Nous jouons un moment clé aujourd’hui. Nous savons que nous avons 7 à 8 mois importants devant nous. Si nous y parvenons, on peut envisager un pilotage de trois ou quatre années avec de la sérénité.
Jean-Pierre Durand : Après, nous savons que des éléments extérieurs peuvent être source de perturbation. La vigne connaît le gel ou le mildiou, l’économie a d’autres mécanismes désorganisateurs. Tout notre travail est de les appréhender, de les comprendre et de les apprécier au mieux. C’est pour cette raison que nous nous dotons d’études, pour avoir de la visibilité. Et ce que nous essayons de faire, de façon collective, c’est de raisonner avec des éléments rationnels, et toujours avec ce leitmotiv : remettre le client au centre de notre préoccupation.
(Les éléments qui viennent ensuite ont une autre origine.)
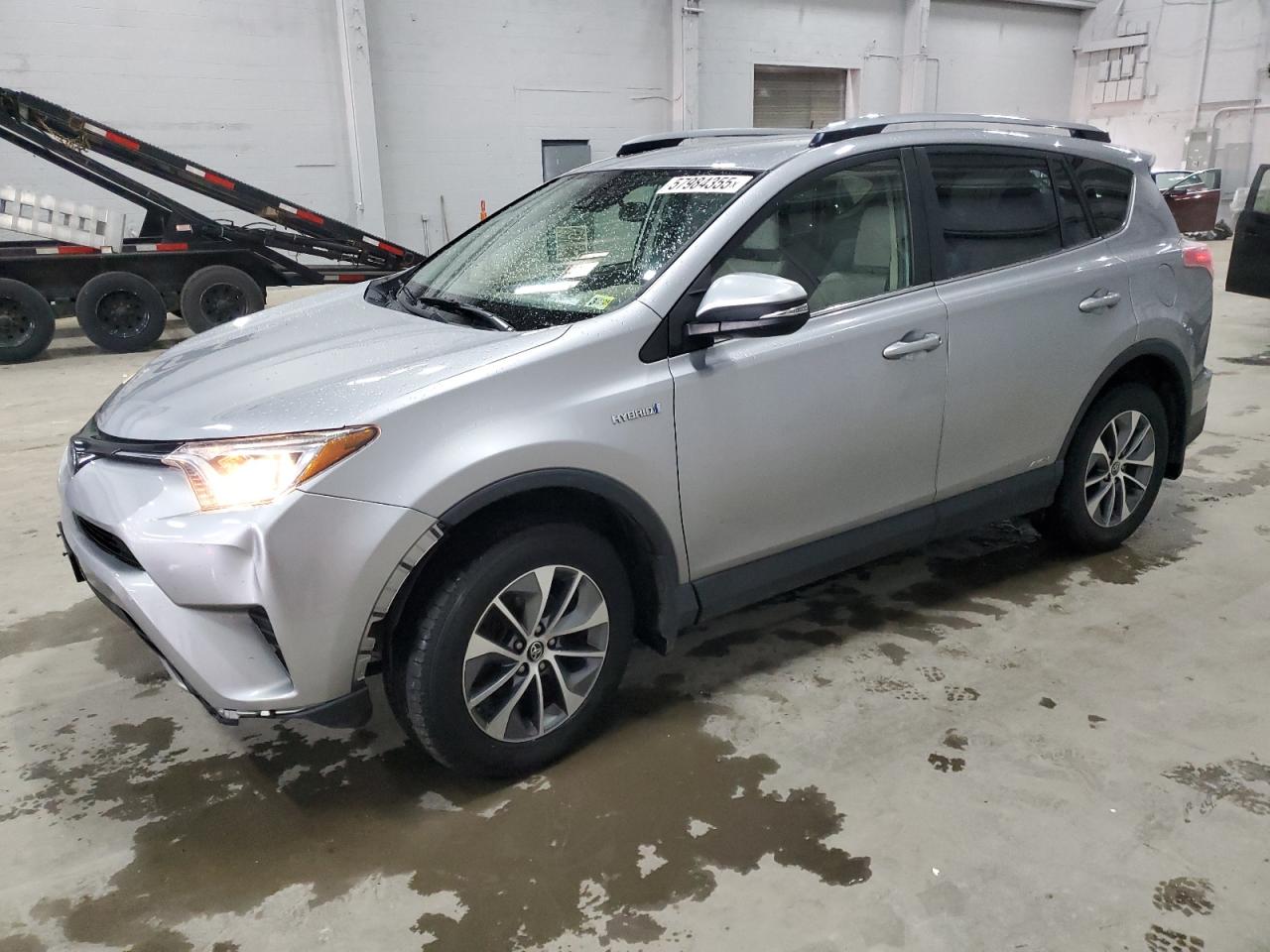 2018 Toyota Rav4 Hv Le en Venta en Fredericksburg, VA - Rear End
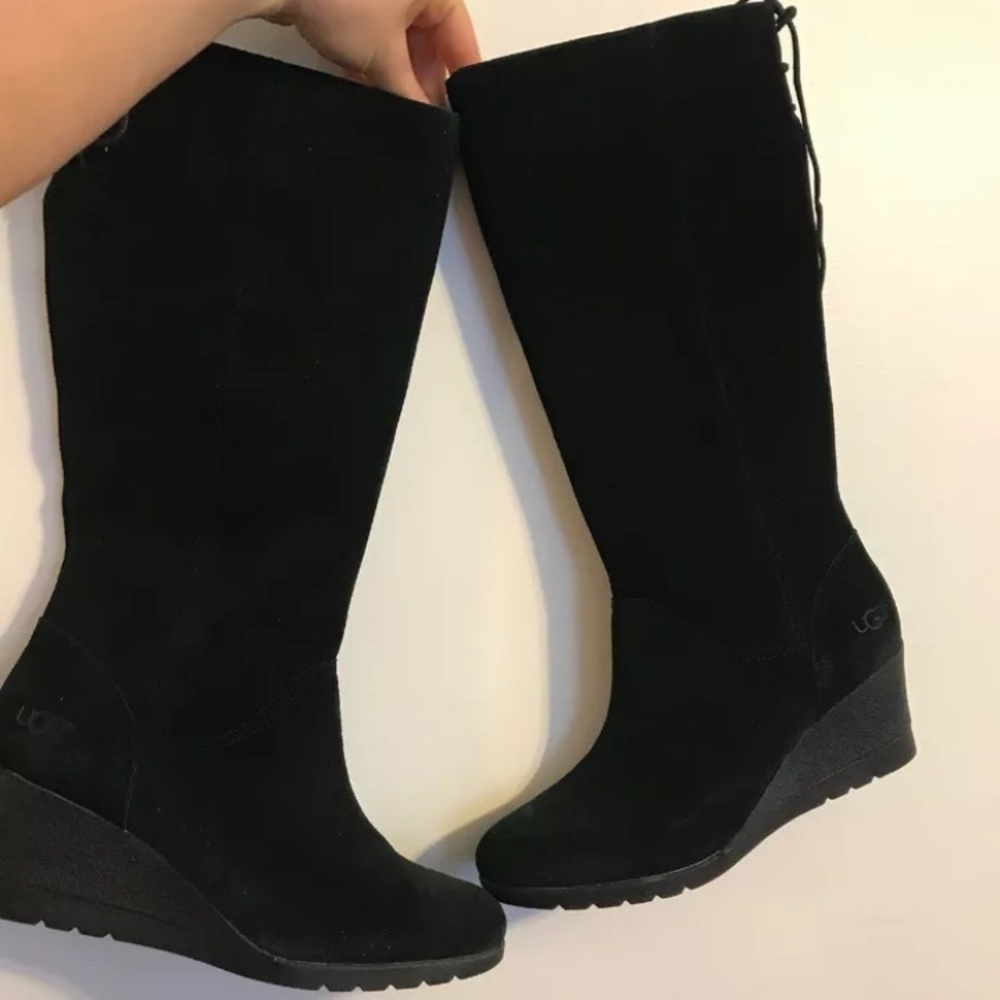 New UGG Dawna Boots 8.5 Black Suede Wedge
Que vous apporte le fonctionnement que vous avez su instaurer ?
Stéphane Héraud : Aujourd’hui, la viticulture et le négoce réussissent à discuter. Et cela se fait de façon intelligente. Avec l’arrivée de Jean-Pierre, nous avons mis l’accent sur la communication du prix moyen du tonneau, et non du prix plancher qui représente 7 à 8 % des volumes. Nous réfléchissons depuis quelques mois à un indicateur général et à d’autres outils. Mais nous en parlerons plus tard.
Jean-Pierre Durand : Et cela a aussi permis de s’accorder sur le fait d’alimenter le marché, de travailler sur les profils produits. Ce que l’on a surtout vu, c’est que pour aborder le marché, il nous fallait tous connaître les problématiques. Et faire en sorte que le commercial qui est au contact du consommateur final garde à l’esprit qu’il vend du Bordeaux.